The next five entries will cover book reviews for our leadership class with Dr. Dale Galloway. The reviews are brief, terse, and much less reflective than my work in our anthropology class. I have that these reviews will peek your interest in these books.

Grace and peace,
Trav Wilson


Introduction. Many leadership books are criticized for providing only a steady diet of platitudes wrapped in different packages ranging from Churchill, Attila the Hun and Captain Picard. However, these so called platitudes are actually the meat and potatoes of leadership. As the wise person said, vision leaks. A good leader needs to repeatedly hear the same basic leadership material and digest its nutrients lest the vision and call of the leader disappear. Lincoln on Leadership guides me to greater effectiveness as a leader for presenting basic leadership skills in the context of one of leadership’s finest American practitioners. Phillips gives direct, basic guidance on four delicate matters: people, character, endeavor and communication.
People. The best guidance Lincoln gave on how to work with people was on building strong alliances as well as discerning which alliances to build. I was superficially aware of the Lincoln-Stanton-McClellan dynamic. However, because of the presence of Lincoln’s leadership, in McClellan’s absence of true leadership, an effective person like Stanton rose to the occasion and jumped on board Lincoln’s program. Similarly, in church leadership, I have been in situations where I worked to satisfy a McClellan rather than inspire a Stanton. By working to ally with all, I became the ally of none. In the name of peacemaking, alliances that might have propelled a ministry left it sputtering and marginally effective. There is a difference between peacemaking and minimizing conflict. As the sage said, there is a time for everything: a time for building alliances and a time for allowing them to fall.

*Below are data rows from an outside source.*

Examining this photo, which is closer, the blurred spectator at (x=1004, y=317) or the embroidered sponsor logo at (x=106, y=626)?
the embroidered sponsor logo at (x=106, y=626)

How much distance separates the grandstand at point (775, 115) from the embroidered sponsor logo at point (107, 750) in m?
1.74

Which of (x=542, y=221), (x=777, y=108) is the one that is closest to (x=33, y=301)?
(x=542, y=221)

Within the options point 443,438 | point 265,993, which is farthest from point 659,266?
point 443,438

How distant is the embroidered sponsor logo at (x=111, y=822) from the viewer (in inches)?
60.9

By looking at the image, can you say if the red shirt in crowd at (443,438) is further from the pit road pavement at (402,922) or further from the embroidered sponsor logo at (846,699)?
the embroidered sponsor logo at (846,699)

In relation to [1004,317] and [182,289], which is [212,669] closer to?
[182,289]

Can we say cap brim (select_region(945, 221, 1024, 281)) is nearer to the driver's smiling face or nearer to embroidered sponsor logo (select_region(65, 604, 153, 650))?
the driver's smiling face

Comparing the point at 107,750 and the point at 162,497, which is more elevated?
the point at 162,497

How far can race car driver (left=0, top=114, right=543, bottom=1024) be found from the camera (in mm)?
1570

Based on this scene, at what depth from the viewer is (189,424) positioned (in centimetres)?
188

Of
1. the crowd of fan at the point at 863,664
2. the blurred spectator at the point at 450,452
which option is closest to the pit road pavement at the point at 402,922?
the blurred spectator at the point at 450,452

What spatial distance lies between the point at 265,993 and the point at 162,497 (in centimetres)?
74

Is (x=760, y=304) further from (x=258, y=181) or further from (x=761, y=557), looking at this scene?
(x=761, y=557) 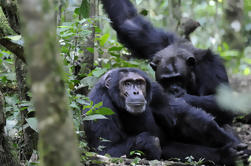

Character. The most helpful guidance that Phillips provided on character was being a master of paradox, specifically managing one’s dark side. Much of my educational and professional training is in engineering. There is little place for paradox in that field. However, the fundamental reality of leadership in ministry is flexibility and working with paradox. Even our theology carries paradox: be in the world but not of it; the poor are rich; life comes from death. I appreciate the brief study of how Lincoln kept matters and himself in balance. For instance, when I read of Lincoln’s anger management program I am blessed. His method of writing letters to people yet never sending them seems helpful. Many times in leadership I have allowed clergy and laity to see my frustration and anger. This has never proven helpful. The one time that I managed it well, I wrote a letter and never sent it. This is a lesson that I will remember.

Endeavor. In the section on endeavor, Lincoln developed my leadership by encouraging me to keep searching for my ‘Grant.’ In leadership, decisiveness is important, as is conversation, setting goals, maintaining a results oriented environment and encouraging innovation. However, a minister cannot do all things in a high stakes leadership situation like the church. Leadership must come from the top, but effective ministry comes from the grass roots. In these situations, one has to find a ‘Grant.’ In several ministry settings, as I wrote above, I preferred to pour energy into a McClellan rather than to search for a Grant. I need to change that about myself.
Communication. In his final section on communication, Phillips gave the greatest challenge to my leadership development in his chapter on influencing people through conversation and storytelling. Coming from engineering, my tendency is to persuade rationally. However, it is narrative that fires the imagination. It is story that communicates our values and our vision. It is imagery that electrifies our souls. Some of my worst sermons are complicated and tightly reasoned. Some of my best sermons are stories. Even intellectually I know that storytelling is superior for influencing and communicating. The great challenge for my leadership in the next 2-5 years will be how I can embrace the use of imagery and storytelling in my public speaking.